Sob uma perspectiva histórica, a série de Julio Leite ganha ainda mais densidade – os anos de 1990 marcam o início das primeiras experiências estéticas do artista, mas também a queda do Muro de Berlim, a dissolução da URSS, as guerras étnicas, a globalização e a popularização da internet, todos acontecimentos que reconfiguraram o mapa múndi. As fronteiras tornaram-se movediças (caíram por terra as espaciais e as temporais), os nacionalismos foram postos em debate, identidades foram resgatas num processo intenso de ação e reação. Nessa ordem mundial, as bandeiras, assim como os mapas cartográficos e os símbolos tidos como nacionais mostram o que de fato eram: instrumentos de poder – uma força, colocada como “natural”, mas que não suporta questionamentos.

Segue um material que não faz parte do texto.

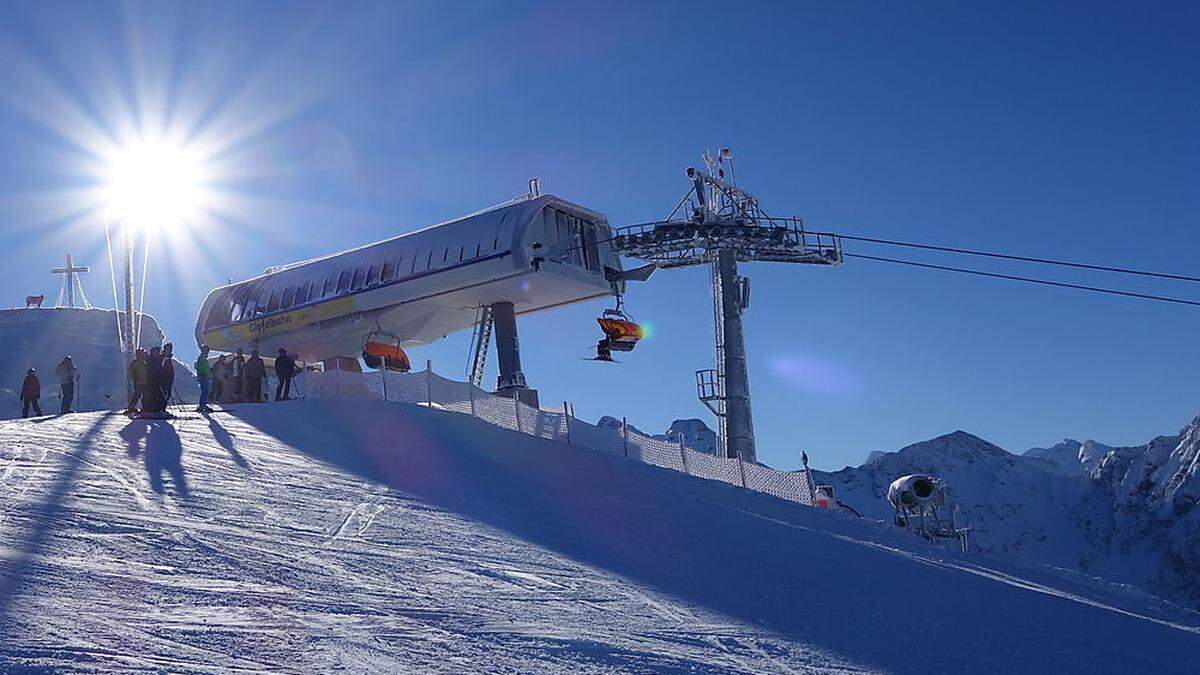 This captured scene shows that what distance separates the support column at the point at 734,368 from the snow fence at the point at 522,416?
15.4m

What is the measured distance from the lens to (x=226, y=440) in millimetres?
19328

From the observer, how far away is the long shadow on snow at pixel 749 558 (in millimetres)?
10930

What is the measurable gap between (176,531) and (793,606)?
21.0ft

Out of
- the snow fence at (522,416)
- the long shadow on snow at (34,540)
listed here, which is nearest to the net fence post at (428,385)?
the snow fence at (522,416)

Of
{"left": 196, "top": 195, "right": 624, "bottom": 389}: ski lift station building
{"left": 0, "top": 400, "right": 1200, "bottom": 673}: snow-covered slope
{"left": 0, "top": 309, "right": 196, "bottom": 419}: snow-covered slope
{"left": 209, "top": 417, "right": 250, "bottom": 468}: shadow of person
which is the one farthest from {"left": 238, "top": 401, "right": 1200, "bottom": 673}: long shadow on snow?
{"left": 0, "top": 309, "right": 196, "bottom": 419}: snow-covered slope

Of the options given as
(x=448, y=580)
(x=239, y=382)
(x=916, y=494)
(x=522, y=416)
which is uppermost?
(x=239, y=382)

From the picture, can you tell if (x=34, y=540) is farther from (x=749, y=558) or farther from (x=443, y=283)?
(x=443, y=283)

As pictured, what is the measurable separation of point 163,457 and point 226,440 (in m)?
2.75

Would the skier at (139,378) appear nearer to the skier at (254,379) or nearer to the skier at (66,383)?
the skier at (66,383)

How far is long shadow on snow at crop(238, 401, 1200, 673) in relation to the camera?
1093 centimetres

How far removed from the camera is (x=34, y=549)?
9875 millimetres

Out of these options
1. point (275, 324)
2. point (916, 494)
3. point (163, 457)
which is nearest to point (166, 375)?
point (163, 457)

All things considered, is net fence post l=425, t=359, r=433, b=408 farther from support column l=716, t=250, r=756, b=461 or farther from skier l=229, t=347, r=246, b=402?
support column l=716, t=250, r=756, b=461

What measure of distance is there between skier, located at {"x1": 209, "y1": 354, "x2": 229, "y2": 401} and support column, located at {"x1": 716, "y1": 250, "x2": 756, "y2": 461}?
68.6 feet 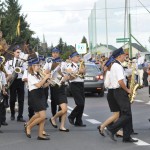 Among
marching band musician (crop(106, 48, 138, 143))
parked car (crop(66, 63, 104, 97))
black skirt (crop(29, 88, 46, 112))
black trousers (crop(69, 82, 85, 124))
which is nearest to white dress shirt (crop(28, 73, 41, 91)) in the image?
black skirt (crop(29, 88, 46, 112))

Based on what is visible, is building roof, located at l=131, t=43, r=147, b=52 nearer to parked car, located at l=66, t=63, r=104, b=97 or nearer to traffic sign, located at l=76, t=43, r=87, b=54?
traffic sign, located at l=76, t=43, r=87, b=54

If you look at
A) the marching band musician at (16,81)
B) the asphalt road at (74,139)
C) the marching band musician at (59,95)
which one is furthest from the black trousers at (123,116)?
the marching band musician at (16,81)

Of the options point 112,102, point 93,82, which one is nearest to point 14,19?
point 93,82

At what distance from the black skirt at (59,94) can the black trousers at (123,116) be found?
1.99 meters

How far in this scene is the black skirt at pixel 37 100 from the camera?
9.59 meters

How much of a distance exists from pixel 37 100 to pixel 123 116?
178cm

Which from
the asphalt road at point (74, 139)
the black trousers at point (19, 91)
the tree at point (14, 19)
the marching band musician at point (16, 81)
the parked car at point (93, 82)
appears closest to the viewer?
the asphalt road at point (74, 139)

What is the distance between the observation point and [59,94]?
36.1 ft

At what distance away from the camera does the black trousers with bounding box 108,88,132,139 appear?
9.12 m

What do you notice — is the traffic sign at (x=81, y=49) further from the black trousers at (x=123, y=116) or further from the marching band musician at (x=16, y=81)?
the black trousers at (x=123, y=116)

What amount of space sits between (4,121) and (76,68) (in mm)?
2245

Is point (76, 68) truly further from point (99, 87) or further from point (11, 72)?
point (99, 87)

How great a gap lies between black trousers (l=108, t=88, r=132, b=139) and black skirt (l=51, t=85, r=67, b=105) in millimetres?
1991

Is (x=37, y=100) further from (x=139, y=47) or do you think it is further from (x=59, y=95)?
(x=139, y=47) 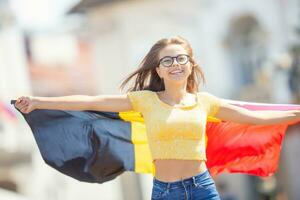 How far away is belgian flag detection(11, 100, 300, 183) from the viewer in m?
6.74

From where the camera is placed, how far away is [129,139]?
701 centimetres

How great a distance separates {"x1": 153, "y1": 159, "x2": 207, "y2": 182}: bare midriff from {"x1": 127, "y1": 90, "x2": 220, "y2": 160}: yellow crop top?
0.03 meters

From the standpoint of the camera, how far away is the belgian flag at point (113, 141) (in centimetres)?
674

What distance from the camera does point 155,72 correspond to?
626 cm

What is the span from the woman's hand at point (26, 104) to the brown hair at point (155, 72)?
0.69m

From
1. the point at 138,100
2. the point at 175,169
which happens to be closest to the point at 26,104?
the point at 138,100

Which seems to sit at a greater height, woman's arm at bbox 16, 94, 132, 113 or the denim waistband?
woman's arm at bbox 16, 94, 132, 113

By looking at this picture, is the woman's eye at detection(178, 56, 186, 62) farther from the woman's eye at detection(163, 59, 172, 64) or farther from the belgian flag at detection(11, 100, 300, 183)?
the belgian flag at detection(11, 100, 300, 183)

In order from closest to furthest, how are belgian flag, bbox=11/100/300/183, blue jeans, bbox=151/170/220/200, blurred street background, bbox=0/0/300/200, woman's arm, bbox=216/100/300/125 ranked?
blue jeans, bbox=151/170/220/200 → woman's arm, bbox=216/100/300/125 → belgian flag, bbox=11/100/300/183 → blurred street background, bbox=0/0/300/200

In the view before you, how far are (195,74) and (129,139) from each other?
900 millimetres

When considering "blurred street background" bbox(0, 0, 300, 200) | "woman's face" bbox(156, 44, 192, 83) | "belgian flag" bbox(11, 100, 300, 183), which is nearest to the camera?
"woman's face" bbox(156, 44, 192, 83)

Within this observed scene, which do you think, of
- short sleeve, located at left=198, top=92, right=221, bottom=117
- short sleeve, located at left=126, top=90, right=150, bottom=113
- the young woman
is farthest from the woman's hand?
short sleeve, located at left=198, top=92, right=221, bottom=117

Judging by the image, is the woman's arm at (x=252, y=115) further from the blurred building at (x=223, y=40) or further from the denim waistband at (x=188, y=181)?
the blurred building at (x=223, y=40)

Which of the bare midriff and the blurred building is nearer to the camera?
the bare midriff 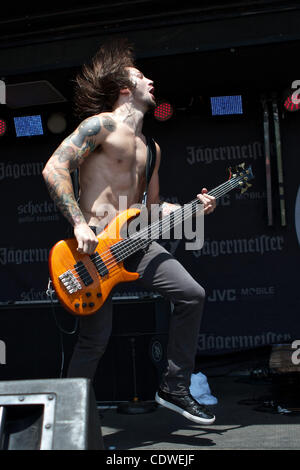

Trinta anos mais tarde, as bandeiras de Mundo Mix (2018), alteradas pelas cores e subsidiadas pelas orientações da land-art, questionam esse símbolo de hegemonia. A série de Julio Leite alerta para as mudanças e incertezas da geopolítica atual – algo que até meados de 1980 parecia inexorável. Os registros fotográficos das performances trazem o artista fincando bandeiras na paisagem – nelas, a leitura da bandeira como conquista do território (e/ou paisagem) fica evidente. Não há como fugir da ideia de posse, de colonização e de domínio do natural pelo homem. A cartografia, assumida como natural, não é mais que o exercício do poder daqueles que se dizem “donos da terra”. Os mapas podem “desenhar” o lugar, mas não o “produzem” efetivamente. Retornando às performances de Leite: qual foi a nação conquistadora? As cores distorcidas não dão margem à certeza. Tem-se, então, espaço aberto para o que Merleau-Ponty denomina como percepção espaço-temporal.
No duelo entre o local e o global, Julio Leite mostra que os velhos símbolos têm significados para além do conceito; eles dizem que há algo estranho; que eles não podem ser considerados naturais. O jogo imagético de Julio Leite fundamenta sua produção. Eles são formas simbólicas empregadas para a mediação entre o homem e a paisagem e refletem, sobretudo, as mudanças na configuração espacial que, por sua vez, estão ligadas ao equilíbrio das forças socioeconômicas globais que, consequentemente, criam uma nova geografia do poder – o mundo das aparências se dissolve. A apreensão visual que o artista proporciona tece o mundo com códigos próprios. Ele nos ensina a ver, repare!